The line is moving more quickly now, but you overhear airport security talking about how passports with invalid data are getting through. Better add some data validation, quick!

You can continue to ignore the cid field, but each other field has strict rules about what values are valid for automatic validation:

  • byr (Birth Year) - four digits; at least 1920 and at most 2002.
  • iyr (Issue Year) - four digits; at least 2010 and at most 2020.
  • eyr (Expiration Year) - four digits; at least 2020 and at most 2030.
  • hgt (Height) - a number followed by either cm or in:
    • If cm, the number must be at least 150 and at most 193.
    • If in, the number must be at least 59 and at most 76.
  • hcl (Hair Color) - a # followed by exactly six characters 0-9 or a-f.
  • ecl (Eye Color) - exactly one of: amb blu brn gry grn hzl oth.
  • pid (Passport ID) - a nine-digit number, including leading zeroes.
  • cid (Country ID) - ignored, missing or not.

Your job is to count the passports where all required fields are both present and valid according to the above rules.

For completeness, here are some invalid passports (delimited by \n\n):

eyr:1972 cid:100
hcl:#18171d ecl:amb hgt:170 pid:186cm iyr:2018 byr:1926

iyr:2019
hcl:#602927 eyr:1967 hgt:170cm
ecl:grn pid:012533040 byr:1946

hcl:dab227 iyr:2012
ecl:brn hgt:182cm pid:021572410 eyr:2020 byr:1992 cid:277

And, some valid passports:

pid:087499704 hgt:74in ecl:grn iyr:2012 eyr:2030 byr:1980
hcl:#623a2f

eyr:2029 ecl:blu cid:129 byr:1989
iyr:2014 pid:896056539 hcl:#a97842 hgt:165cm

hcl:#888785
hgt:164cm byr:2001 iyr:2015 cid:88
pid:545766238 ecl:hzl
eyr:2022

Most of the validation rules look straightforward in isolation, but less so when you think about composing them all together.

Validating passports with Cerberus

Step one involved getting familiar with Cerberus validation rules.
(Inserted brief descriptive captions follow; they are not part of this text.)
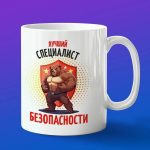 Кружка Лучший специалиста по безопасности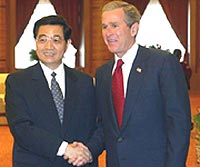 President Bush's remarks at Tsinghua University (excerpts)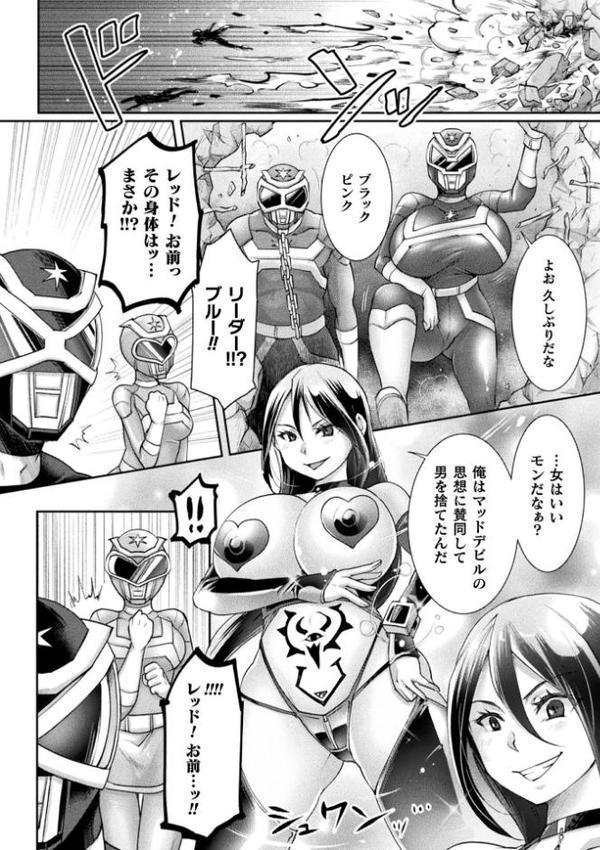 二次元コミックマガジン TS孕ませ 女体化してママになっちゃいました【ダンdann 結城とむ 秋月十夜 けーき 皇きみ】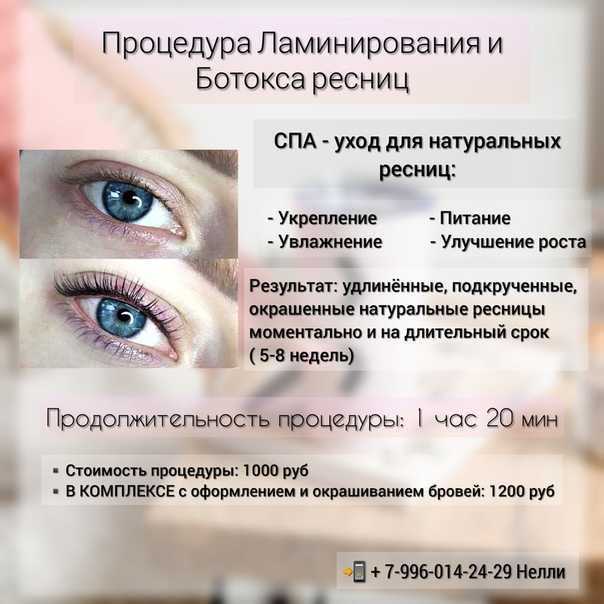О ламинировании и ботоксе ресниц: разница между ними и отличия от биозавивки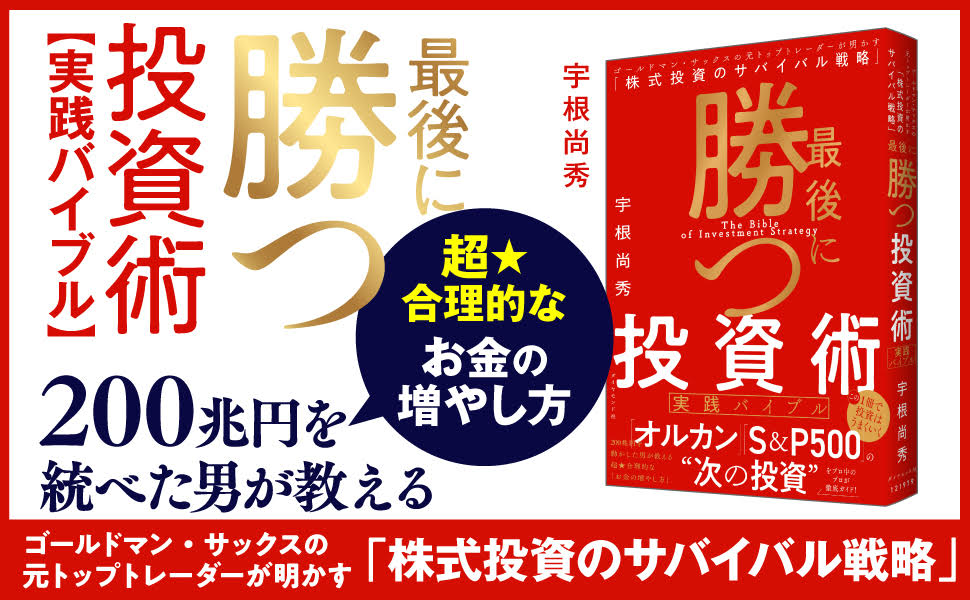 株式投資 最強のサバイバル理論 （Yosensha Paperbacks） / 株式投資 最強のサバイバル理論 （Yosensha Paperbacks） / 株式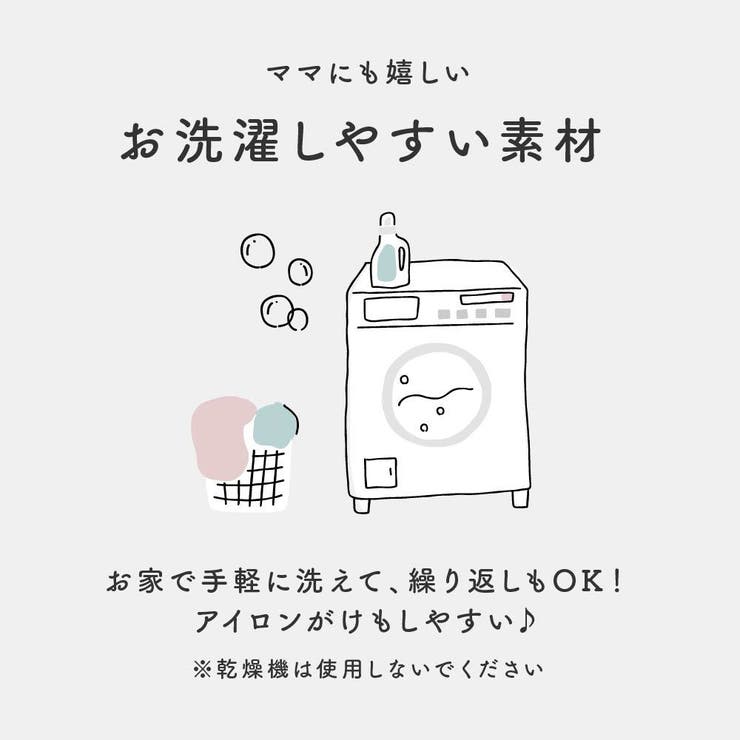 在庫処分【SALE】 チェックニットパンツ サルエルパンツ | PlusNao | 詳細画像7 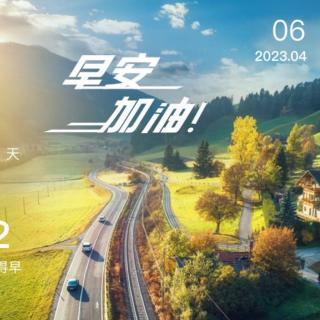 2023.4.6《让世界因我而美丽》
The library supports rules like the following:

  • contains - This rule validates that the a container object contains all of the defined items.
>>> document = {"states": ["peace", "love", "inity"]}

>>> schema = {"states": {"contains": "peace"}}
>>> v.validate(document, schema)
True
  • regex - The validation will fail if the field’s value does not match the provided regular expression.
>>> schema = {
...     "email": {
...        "type": "string",
...        "regex": "^[a-zA-Z0-9_.+-]+@[a-zA-Z0-9-]+\.[a-zA-Z0-9-.]+$"
...     }
... }
>>> document = {"email": "john@example.com"}
>>> v.validate(document, schema)
True
  • required - If True the field is mandatory. Validation will fail when it is missing.
>>> v.schema = {"name": {"required": True, "type": "string"}, "age": {"type": "integer"}}
>>> document = {"age": 10}
>>> v.validate(document)
False

Step two involved converting the passports into Cerberus documents. This was mostly an exercise in parsing uniquely assembled text into Python dictionaries.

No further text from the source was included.